Code-barres / Barcode : 034571282749

 
Reviewer: J. F. Weber
 

This collection of 15th-century English music demonstrates the widespread devotion to the early Christian martyr St. Catherine of Alexandria, after whose manner of torture the Catherine wheel is named. (According to legend, the wheel was destroyed and she was then beheaded.) The notes recount extensively the development of her cult as it moved from the East to the West in the Middle Ages. It is no longer observed liturgically, like other popular but legendary saints such as St. Christopher, St. George, and St. Philomena. The marriage of Henry V to the Valois princess Kate increased her popularity greatly. (Shades of the present day, though the saint is no longer remembered in the same way.) Apart from the Blessed Virgin, no other saint has been honored with enough 15th-century music to fill a CD, as the notes aptly point out. Featured is Walter Frye’s Mass, using a cantus firmus taken from Nobilis et pulchra, the first matins responsory for the saint. The cantus firmus itself is also sung enhanced with faburden. Dunstaple’s Salve scema sanctitatis is based on Virgo flagellatur, the sixth Matins responsory; that cantus firmus also underlies an anonymous Gloria, and the cantus firmus is also sung enhanced with faburden. Byttering’s En Katerine solennia is based on the verse of the same responsory. Gaude virgo Katherina is a sequence that seems to be a first recording.

The Frye Mass was directed by Alejandro Planchart on the first full LP devoted to the composer, Lyrichord LLST 7246. This is only its second recording.
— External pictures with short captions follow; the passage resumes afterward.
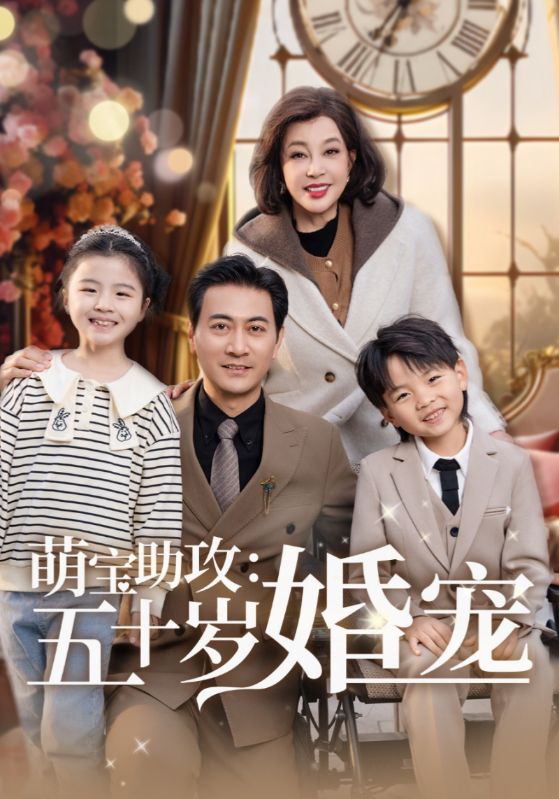 萌宝助攻：五十岁婚宠第52集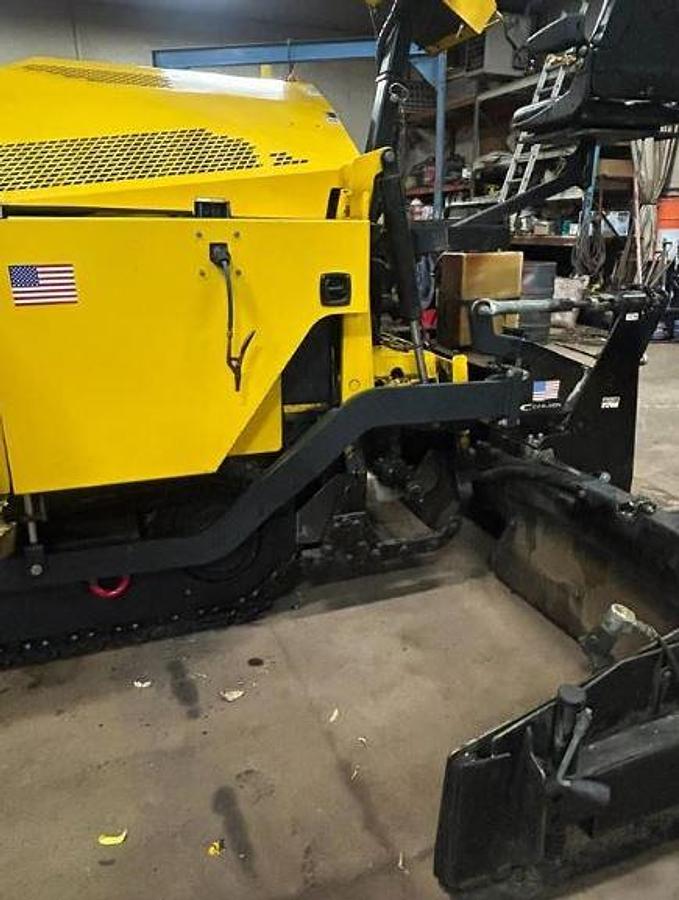 Used 2018 Carlson CP 100II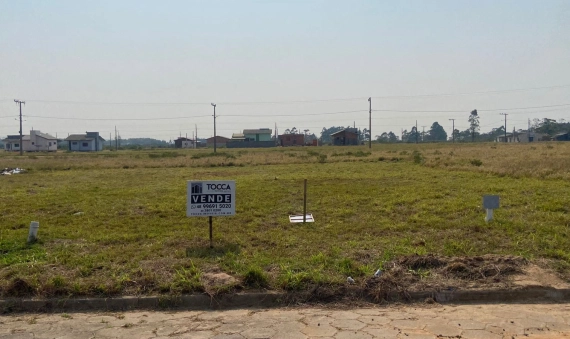 TERRENO - LOT. PARQUE NOVO RINCÃO, PEDREIRAS, BALNEÁRIO RINCÃO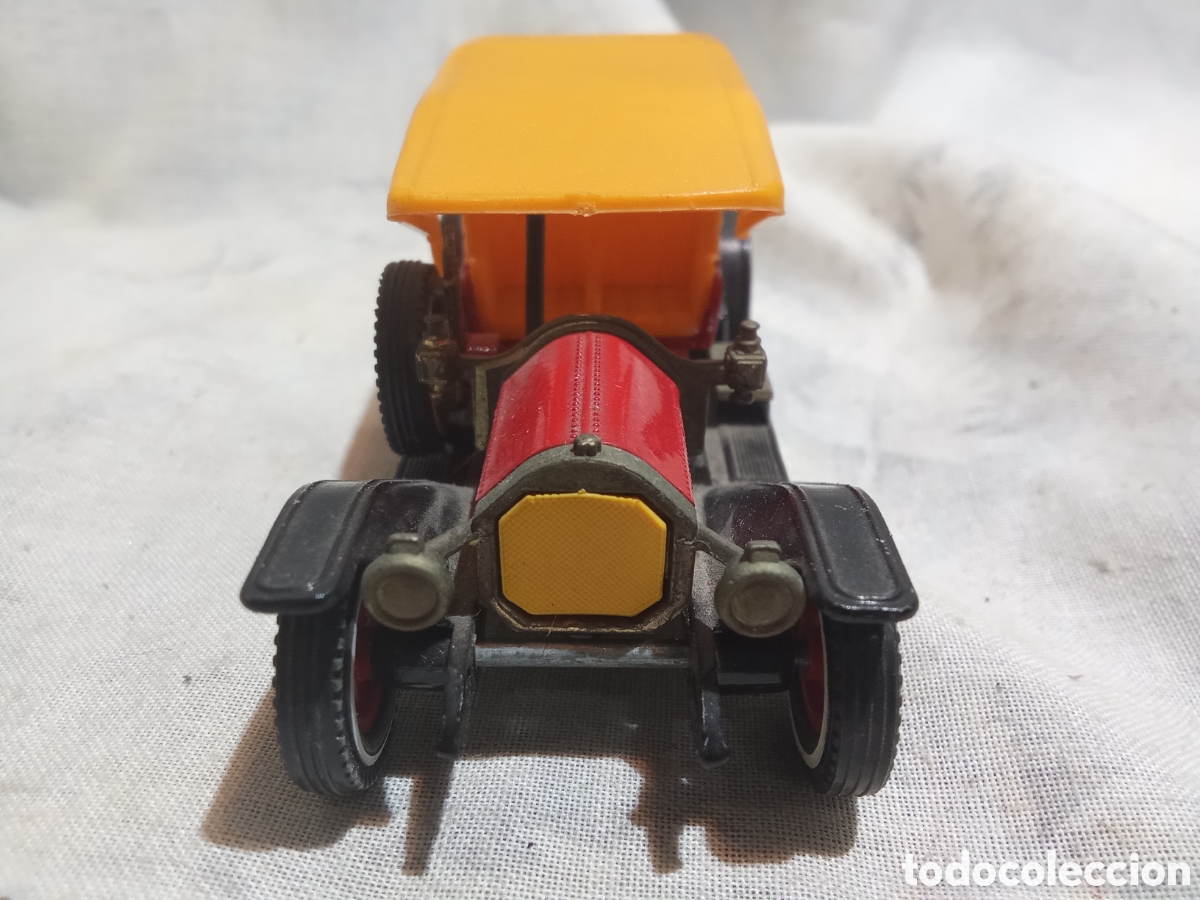 Coches a escala Matchbox: SIMPLEX 1912 DE MATCHBOX - Foto 6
Salve scema sanctitatis has been recorded by Bruno Turner (later on CD) and the Hilliard Ensemble (Fanfare 7:6; later on CD). Byttering’s motet was recorded by the Hilliard Ensemble (15:3), Christopher Page (19:4, 33:3), Alexander Blachly (22:1), and the Orlando Consort (40:5). Robert Driffelde is a new name for the Fanfare Archive, with two record premieres. Only his surname appears on the music, but he can be identified with Robert Dryffelde, a vicar at Salisbury Cathedral from 1424 to 1468. These two Mass movements are based on chants for the feast of a virgin, not specifically St. Catherine. Kirkman’s group gives superb interpretations of the music, upholding the high level of all their Hyperion recordings.

This is Kirkman’s third program to feature alabaster carvings contemporary with the music of the 15th century that he recorded (Fanfare 41:1, 42:2). (The issue before those two similarly focused on another work of art, the illuminated Wollaton Antiphonal, 41:1.) The carvings, reproduced in color in the booklets, are found in museums and churches from Chicago to Paris and all over England. In this installment of the series, a contemporary sculptor, Sarah Danays, has duplicated an alabaster carving of St. Catherine damaged by the loss of an arm; Danays’s mirror-image copy restores the arm. All four booklets are unusually beautiful, apart from being instructive on the relation between 15th-century music and art. The four discs make an exceptional survey of the English 15th century.